[Web page caption snippets]
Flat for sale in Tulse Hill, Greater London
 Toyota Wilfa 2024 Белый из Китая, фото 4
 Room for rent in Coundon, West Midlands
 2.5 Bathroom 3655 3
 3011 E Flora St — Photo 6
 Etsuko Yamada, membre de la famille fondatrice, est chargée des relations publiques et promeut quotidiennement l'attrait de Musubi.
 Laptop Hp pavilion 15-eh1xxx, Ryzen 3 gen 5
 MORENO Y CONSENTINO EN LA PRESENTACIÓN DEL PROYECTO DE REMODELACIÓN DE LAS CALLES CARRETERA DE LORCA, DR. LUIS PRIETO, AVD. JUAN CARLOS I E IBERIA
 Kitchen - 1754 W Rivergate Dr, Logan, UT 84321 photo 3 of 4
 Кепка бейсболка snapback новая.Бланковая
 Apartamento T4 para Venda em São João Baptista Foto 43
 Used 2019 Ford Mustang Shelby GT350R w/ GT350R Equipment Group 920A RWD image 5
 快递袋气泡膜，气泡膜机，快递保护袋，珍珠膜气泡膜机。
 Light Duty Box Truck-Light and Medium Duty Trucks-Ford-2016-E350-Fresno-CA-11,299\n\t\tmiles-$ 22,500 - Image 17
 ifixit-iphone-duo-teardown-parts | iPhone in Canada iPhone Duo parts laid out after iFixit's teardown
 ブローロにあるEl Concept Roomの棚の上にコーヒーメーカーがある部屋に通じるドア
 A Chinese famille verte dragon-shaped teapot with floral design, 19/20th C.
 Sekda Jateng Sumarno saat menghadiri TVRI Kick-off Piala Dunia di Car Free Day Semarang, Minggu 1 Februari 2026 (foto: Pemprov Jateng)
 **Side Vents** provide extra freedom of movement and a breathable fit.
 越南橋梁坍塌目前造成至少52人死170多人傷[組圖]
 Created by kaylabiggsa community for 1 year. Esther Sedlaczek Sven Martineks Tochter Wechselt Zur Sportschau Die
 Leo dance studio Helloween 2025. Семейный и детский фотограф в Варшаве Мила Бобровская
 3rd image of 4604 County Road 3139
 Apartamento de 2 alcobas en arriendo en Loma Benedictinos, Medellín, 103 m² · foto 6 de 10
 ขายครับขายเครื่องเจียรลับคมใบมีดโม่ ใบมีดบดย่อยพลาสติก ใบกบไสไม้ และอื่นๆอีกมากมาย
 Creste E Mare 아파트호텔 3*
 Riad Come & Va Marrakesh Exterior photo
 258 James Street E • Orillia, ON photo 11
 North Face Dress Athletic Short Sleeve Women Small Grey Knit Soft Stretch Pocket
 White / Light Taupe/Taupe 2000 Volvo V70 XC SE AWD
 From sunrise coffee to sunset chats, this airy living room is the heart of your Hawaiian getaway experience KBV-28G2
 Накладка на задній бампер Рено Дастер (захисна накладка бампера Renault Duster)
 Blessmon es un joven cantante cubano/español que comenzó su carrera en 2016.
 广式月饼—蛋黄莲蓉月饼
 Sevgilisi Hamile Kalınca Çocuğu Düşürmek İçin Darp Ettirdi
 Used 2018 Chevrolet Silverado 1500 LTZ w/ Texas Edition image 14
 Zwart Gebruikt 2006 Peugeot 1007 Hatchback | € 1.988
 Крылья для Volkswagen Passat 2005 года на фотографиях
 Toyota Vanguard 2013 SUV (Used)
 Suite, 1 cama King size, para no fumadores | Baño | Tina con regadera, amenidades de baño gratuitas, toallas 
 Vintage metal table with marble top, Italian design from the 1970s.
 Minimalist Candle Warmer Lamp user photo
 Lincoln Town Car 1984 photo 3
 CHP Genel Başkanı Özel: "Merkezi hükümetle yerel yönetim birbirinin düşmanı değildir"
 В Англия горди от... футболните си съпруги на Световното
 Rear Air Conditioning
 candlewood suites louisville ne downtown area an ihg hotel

● PROBLEM DETAILS: An exact copy of the lines above between the line holding "Room for rent in Coundon, West Midlands" and the line holding "Etsuko Yamada, membre", inclusive, is the whole answer.

● YOUR SOLUTION:
 Room for rent in Coundon, West Midlands
 2.5 Bathroom 3655 3
 3011 E Flora St — Photo 6
 Etsuko Yamada, membre de la famille fondatrice, est chargée des relations publiques et promeut quotidiennement l'attrait de Musubi.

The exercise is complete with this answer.